Ausstellung in Korntal-Münchingen Puppenstuben und Kaufmannsläden zeigen den Wandel der Zeit im Kleinen
Das Heimatmuseum Münchingen entführt die Besucher in Miniaturwelten. Sie verzaubert mit dem Charme detailgetreuer Spielfiguren und Spielzeug von einst.
Ausstellungseröffnung im Heimatmuseum
Die Ausstellung veranschaulicht die Entstehungsgeschichte der Puppenstuben, zeigt ihre Entwicklung im Wandel des Zeitgeistes auf und blickt auf Ideale und Entwicklungen der Zeit seit 1900. Neben den Puppenstuben sind Kaufmannsläden und Puppenküchen zu sehen. Die Ausstellungsstücke wurden zum Teil dem Museum gestiftet. Die Schau wird am Sonntag, 30. November, um 11 Uhr eröffnet.
Puppenmöbel erzählen Geschichte
Die gezeigten Objekte haben alle ihre eigenen Geschichten, die zum Teil in der Ausstellung nachzulesen sind. Da gibt es etwa Puppenmöbel, die aus einem Haus in Heilbronn stammen, das 1944 bei einem Bombenangriff komplett zerstört wurde – bis auf den Dachboden, er blieb unversehrt. Die Puppenmöbel hatten einst der Ur-Ur-Großmutter gehört und sind aus der Zeit um 1900. Das Leben in der Zeit etwas vor 1900 vermitteln wiederum Puppen mit Porzellanköpfen und Echthaar in zeittypischer Kleidung. Eine der männlichen Puppen trägt eine Uniform aus der Zeit des deutschen Kaiserreichs. Die Puppenkinder hingegen haben besondere Kindermöbel. Sie haben zudem selbst noch kleinere Spielzeugpuppen.
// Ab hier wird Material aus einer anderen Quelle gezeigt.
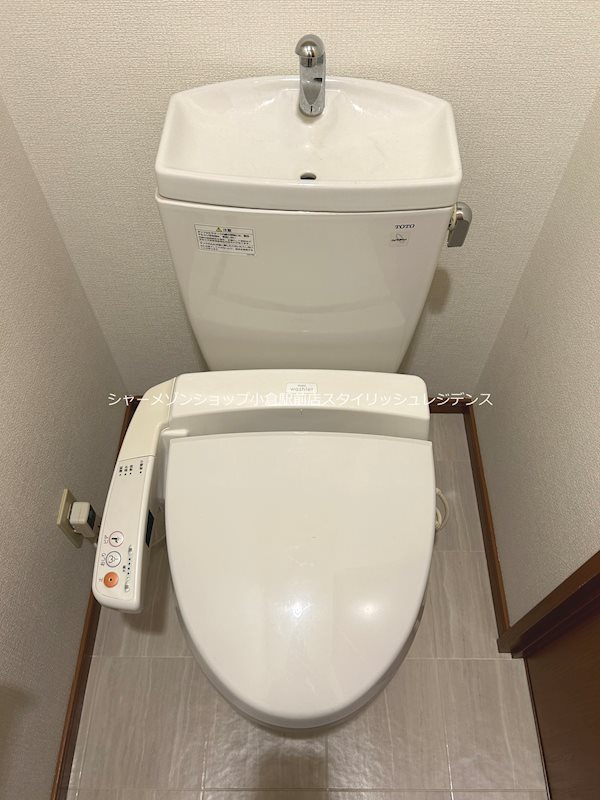 J-スクエアのトイレ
Eine Apotheke aus einem Kaufladen um 1880 ist zu sehen, ein Puppenhaus aus der Zeit um 1900 mit funktionierenden Küchengeräten inklusive Ofen und Kaffeemühle, manch Puppenküche verfügte sogar über einen Wasseranschluss für das Waschbecken. So wie sich die Darstellung wandelte, veränderte sich auch das Material: Kriegsfiguren aus Elastolin, Toilettenhäuschen aus Blech, später dann aus Plastik, günstig, austauschbar, bestellbar aus dem Versandkatalog. Die Ausstellung im Heimatmuseum, Kirchgasse 1, wird bis September 2026 zu sehen sein. Nach der Eröffnung ist sie sonntags von 11 bis 12 Uhr und 14 bis 17 Uhr, sowie dienstags von 15 bis 18 Uhr geöffnet.